Le ministre de la Justice, Didier Migaud, avait prévenu que le budget 2025 de la justice ne serait «pas satisfaisant». Il apparaît aussi qu’il fait pâle figure quand on le compare à ceux des autres pays européens. C’est l’une des conclusions du rapport 2024 de la Commission européenne pour l’efficacité de la justice (Cepej). Cette instance rattachée au Conseil de l’Europe évalue tous les deux ans les systèmes judiciaires des pays membres. En l’espèce, 44 pays ont pris part au processus. Les données datent de 2022, et ne tiennent pas compte des évolutions amorcées depuis, comme la loi de programmation du ministère de la Justice votée en octobre 2023, qui prévoit une hausse des effectifs judiciaires et du nombre de places de prison.

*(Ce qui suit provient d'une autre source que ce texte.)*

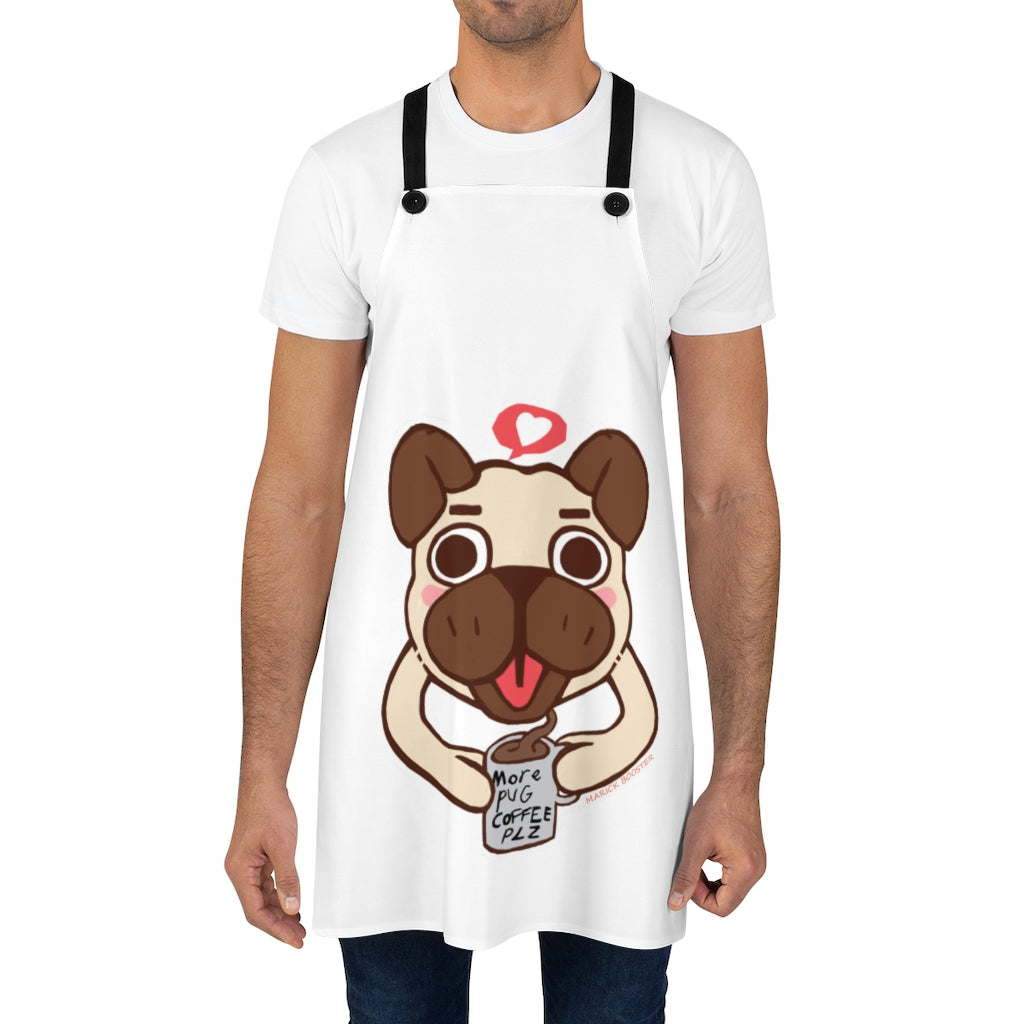 More Pug Coffee Please Apron featuring a stylish pug design, lightweight polyester fabric, and black detachable twill straps.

Le budget du système judiciaire se décompose, selon la méthodologie de la Cepej, entre le budget des tribunaux, celui du ministère public et celui de l’aide judiciaire. Certes, la France dépense légèrement plus pour son système judiciaire que la médiane des pays européens : 77,20 euros par habitant, contre 74,80 euros. Mais l’écart entre ces deux indicateurs tend à se réduire (ils étaient respectivement de 65,5 et 45,90 euros en 2014). Ce qui signifie que les dépenses de justice augmentent plus rapidement (proportionnellement à la population) dans les autres pays européens que dans l’Hexagone. De plus, la France demeure en retard quand l’on rapporte ses dépenses de justice à son produit intérieur brut (PIB) : 0,20 % contre 0,28 % pour la médiane des pays européens. Une situation qui n’a pas évolué depuis dix ans.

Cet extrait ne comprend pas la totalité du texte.